Giubilo, infine, ricorda come l’introduzione del maggioritario in Italia sia stata in realtà guidata “da un’idea di omologazione delle forze politiche supportata da una cultura politica e da una cultura industriale che sostenevano la necessità di sradicare i partiti dal territorio perché generavano clientelismo: ma in tal modo fu liquidata anche l’idea della partecipazione”.

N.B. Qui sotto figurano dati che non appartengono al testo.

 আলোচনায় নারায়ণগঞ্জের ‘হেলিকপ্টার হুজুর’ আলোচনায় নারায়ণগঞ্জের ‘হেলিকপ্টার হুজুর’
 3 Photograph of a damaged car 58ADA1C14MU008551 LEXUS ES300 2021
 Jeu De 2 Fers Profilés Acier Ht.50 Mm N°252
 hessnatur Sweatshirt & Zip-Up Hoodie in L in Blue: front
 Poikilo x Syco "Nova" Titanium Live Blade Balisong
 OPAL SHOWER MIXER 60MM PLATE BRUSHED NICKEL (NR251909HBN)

Va, infine, assolutamente ricordato, tra le tante interessanti suggestioni emerse, un ulteriore punto di convergenza manifestatosi nel dibattito. Il nesso, forte ed ineliminabile, esistente tra la riforma elettorale e la questione istituzionale. E’ ben chiaro, infatti, che in una problematica di questo tipo i confini sono assai labili ed è pressoché impossibile separare l’una dall’altra. E’ un punto che mette chiaramente a fuoco Stefano Costalli: “Io credo che per un discorso serio sulla riforma elettorale sia necessario prendere in considerazione tre punti: la legge elettorale, la cultura politica sottostante del Paese e il sistema istituzionale, ecco perché quando si fa riferimento al sistema elettorale tedesco e lo si lega alla fiducia costruttiva bisogna rendersi conto che il discorso si sposta dalla legge elettorale vera e propria al suo raccordo con il sistema istituzionale”.

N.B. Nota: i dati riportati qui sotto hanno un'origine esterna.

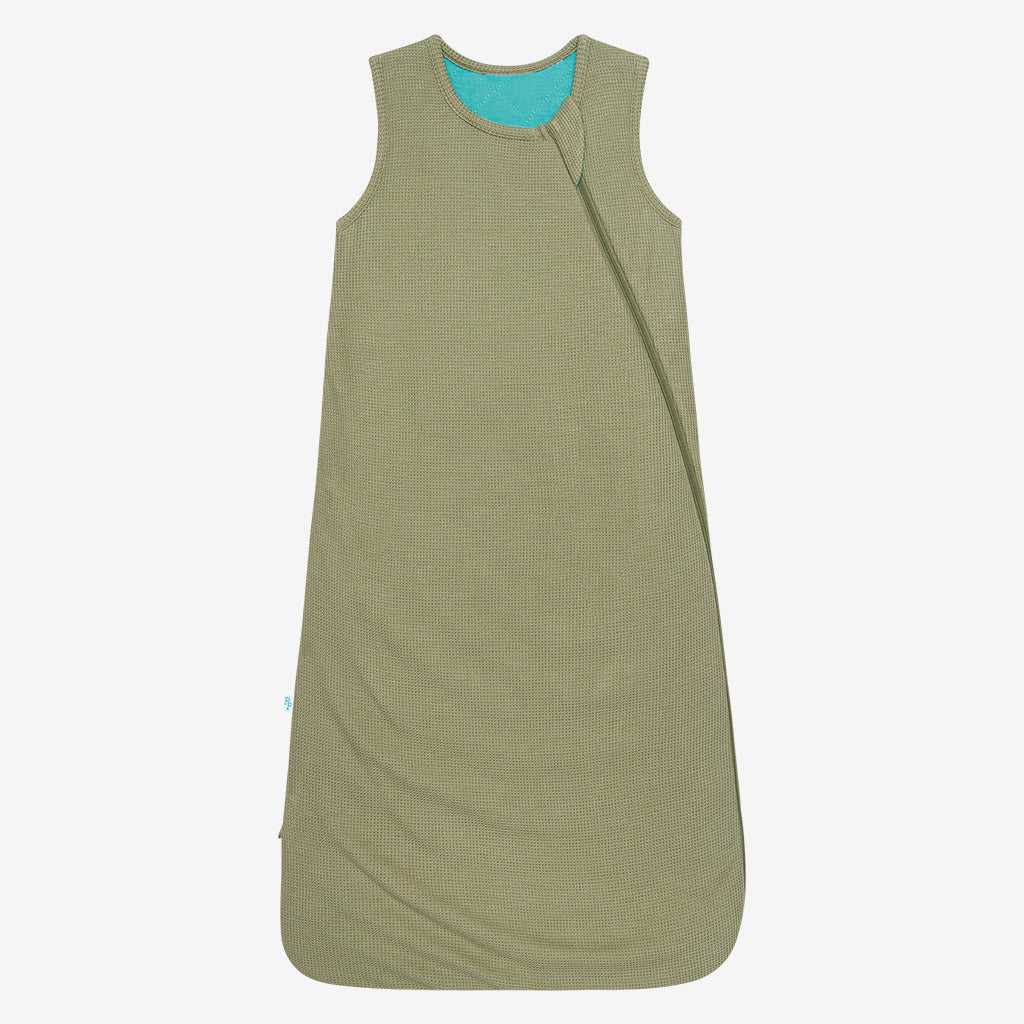 Olive Waffle Sleeveless Sleep Bag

Questo tema ne introduce un altro, ancora più centrale e delicato di quello della riforma elettorale: quello delle riforme istituzionali e delle modifiche da apportare alla Costituzione. Anche in questo caso emerge piena sintonia. Di Matteo sottolinea il fatto che “oggi abbiamo una condizione e una struttura parlamentare così come era stata pensata dai padri costituenti, ma una situazione profondamente cambiata: nelle regole che sono nella nostra Carta fondamentale si risente del clima dell’immediato dopoguerra” e Giubilo ribadisce “la riforma elettorale va fatta assolutamente in un contesto costituzionale, sono in accordo assoluto con quello che ha detto a proposito Costalli”. Tutti si ritrovano pienamente d’accordo sul fatto che episodici interventi sulla Carta costituzionale rischiano, molto spesso, di risultare più dannosi che utili. Di Matteo esprime per tutti, con molta incisività, questa convinzione: “Una critica che io mi sento di fare rispetto ad una stagione che stiamo vivendo è quella che riguarda le piccole modifiche che si fanno anche alla Costituzione, che minano l’equilibrio che la Carta fondamentale ha, e che negli ultimi tempi hanno comportato anche qualche danno economico.
Se c’è bisogno di una rivisitazione della Carta costituzionale sarebbe opportuno che ci fosse un’assemblea ad hoc, dopo anche i fallimenti della bicamerale. Bisogna dare un contributo verso un meccanismo di partecipazione volto a ridefinire le regole condivise”.